A Instituição familiar e as Políticas Públicas- Análise de uma transformação e as Políticas Públicas de atendimento á população.

Samara Santos Souza[1]

 

Resumo

O presente artigo busca analisar as transformações acometidas na unidade familiar e os elementos determinantes nesta mudança, tais como, a inserção da mulher no mercado de trabalho, difusão da pílula anticoncepcional e a dimensão de escolha que se introduziu a sacralizada e naturalizada família. Analisa as evoluções acerca da participação da mulher nos espaços públicos, quando a mesma assume este papel sem deixar de lado sua posição de cuidadora e administradora do lar. Posteriormente, é realizada uma reflexão acerca das políticas públicas e sua centralidade na família.

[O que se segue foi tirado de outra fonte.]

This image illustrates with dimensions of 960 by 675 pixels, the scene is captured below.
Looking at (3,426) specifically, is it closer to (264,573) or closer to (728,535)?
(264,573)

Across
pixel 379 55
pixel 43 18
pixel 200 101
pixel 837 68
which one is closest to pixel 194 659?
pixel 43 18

Palavras chave: transformações, família, mulher, Políticas Públicas, centralidade.

 

"Não são os da consanguinidade os verdadeiros laços de família e sim os da simpatia e da comunhão de ideias, os quais prendem os espíritos antes, durante e depois de suas encarnações." Allan Kardec

Abordar o tema família na contemporaneidade requer a desconstrução de padrões e modelos socialmente construídos acerca da unidade familiar, uma vez que, esta tem passado por diversas transformações ao longo dos anos. É sabido que, a Instituição familiar tem sido o centro de interferências internas e externas devido á situações estruturais e culturais que ocorreram em diferentes contextos históricos.

Acerca disto CORREIA, (1981, pag. 6) questiona o a configuração de família socialmente construída e afirma que, na história da família brasileira, todos os outros modos de organização familiar aparecem como subsidiários de uma forma especifica de família, ou de tal forma inexpressivos que não merecem atenção. Assim, é possível observar que, o conceito de família nuclear é altamente diluído na sociedade brasileira, em detrimento á outras configurações de família que sofrem com olhares de desaprovação, preconceito e estranhamento.

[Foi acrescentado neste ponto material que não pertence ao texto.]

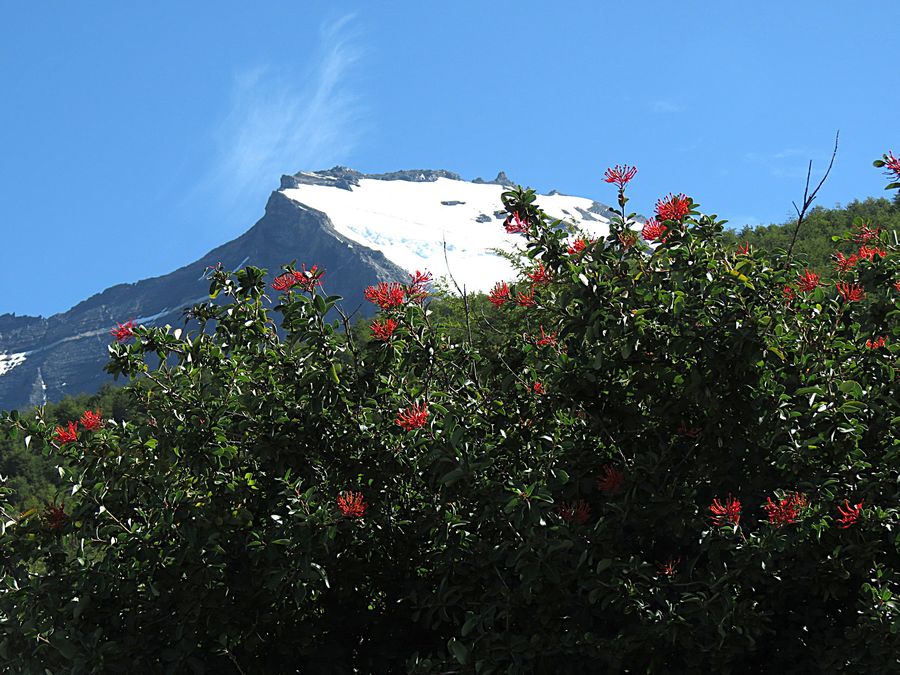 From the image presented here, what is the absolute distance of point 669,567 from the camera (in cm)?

Fatores como a inserção da mulher no mundo do trabalho, a difusão dos métodos anticoncepcionais, a maior participação da mulher no ambiente público se constituem em alguns dos elementos determinantes para estas transformações na Instituição familiar.

Outro fator condicionante para estas mudanças é atribuído á revolução francesa, como assegura SARTI, 2008,

Desde a revolução industrial, que separou o mundo do trabalho do mundo familiar e instituiu a dimensão privada da família, contraposta ao mundo público, mudanças significativas a ela referentes relacionam-se ao impacto do  desenvolvimento tecnológico.

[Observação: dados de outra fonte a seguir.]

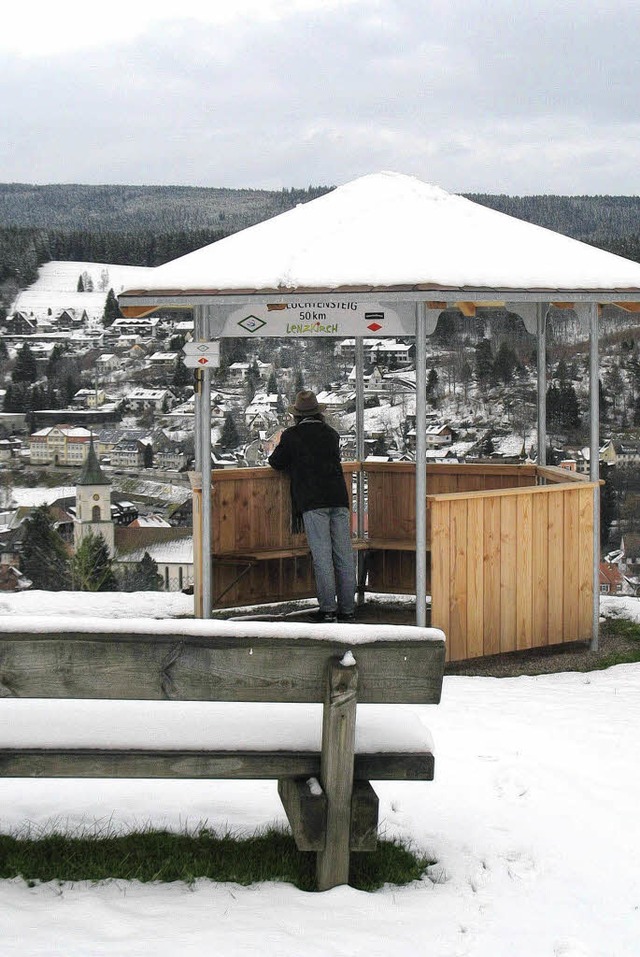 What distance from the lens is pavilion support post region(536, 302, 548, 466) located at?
34.4 ft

Ou seja, para esta autora, as transformações na família foram ocasionadas pelo desmembramento entre dimensão pública e privada, atreladas á descobertas cientificas que emanaram em intervenções tecnológicas no que tange á reprodução humana.

A autora se refere á pílula anticoncepcional que desassociou a sexualidade da reprodução e contribuiu para que a evolução para a efetivação do direito da mulher ao seu próprio corpo.  Frente á isto, SARTI, 2010 assevera que,

Esse fato criou condições materiais para que a mulher deixasse de ter sua vida e sua sexualidade atadas á maternidade como um “destino”, recriou o mundo subjetivo feminino e, aliado á expansão do feminismo, ampliou as possibilidades de atuação da mulher no mundo social.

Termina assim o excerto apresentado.